• _Goal of the exercise_
Examine the entries below, count the lines holding the string "Photo", and respond with the number only.

• _Recorded information_
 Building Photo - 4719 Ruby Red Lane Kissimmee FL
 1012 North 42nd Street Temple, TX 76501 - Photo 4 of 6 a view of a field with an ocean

* * *

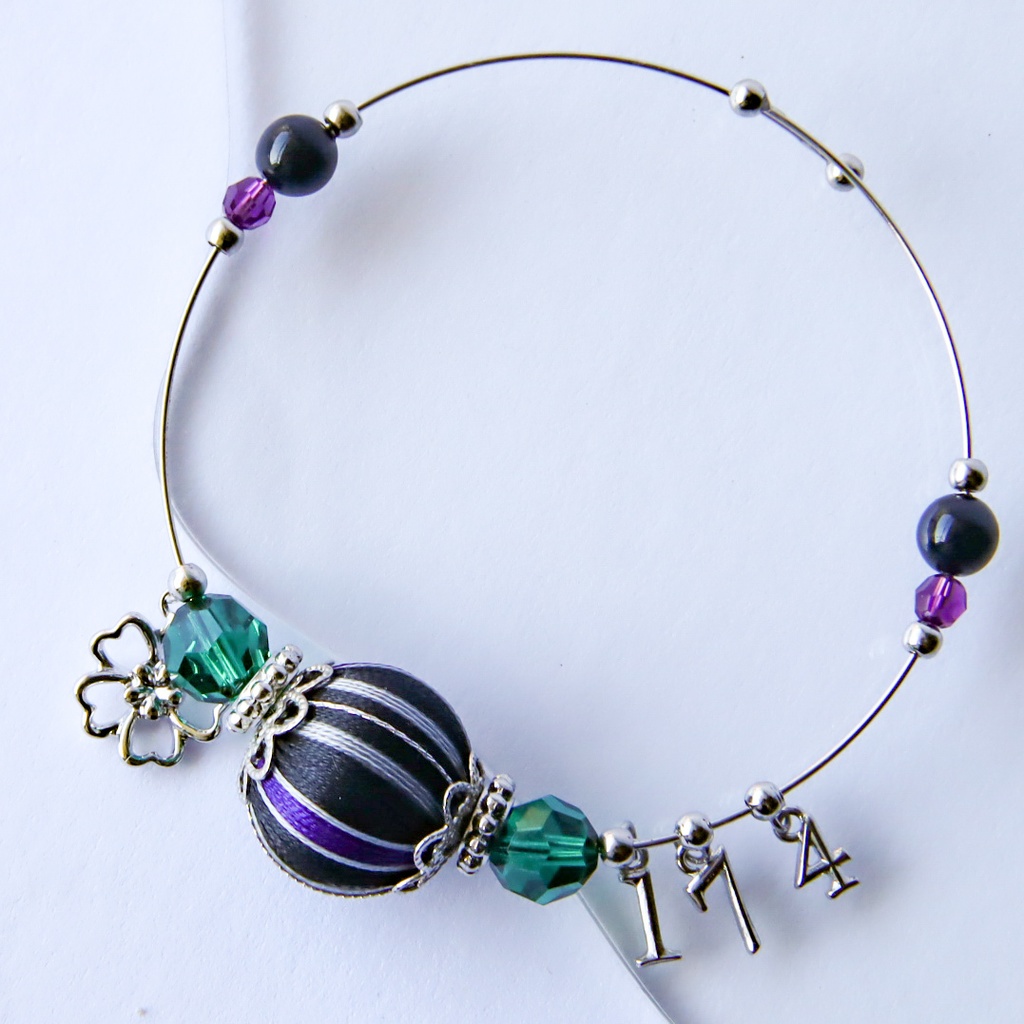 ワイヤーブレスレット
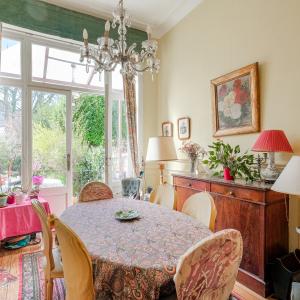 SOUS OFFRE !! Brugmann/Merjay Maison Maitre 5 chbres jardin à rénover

* * *

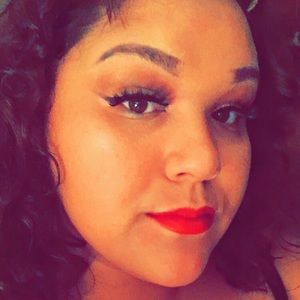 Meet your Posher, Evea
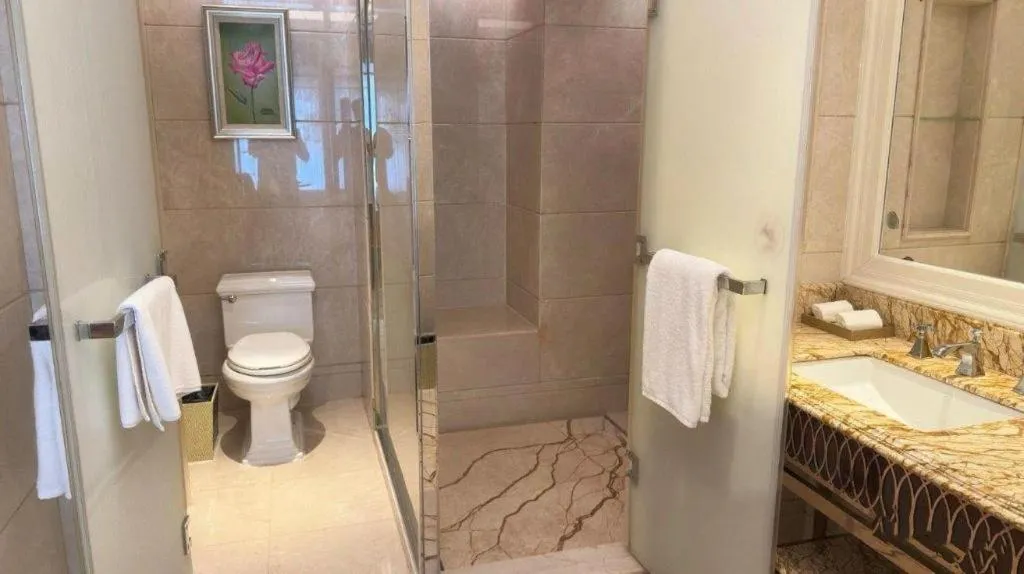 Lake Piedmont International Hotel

• _Task result_
2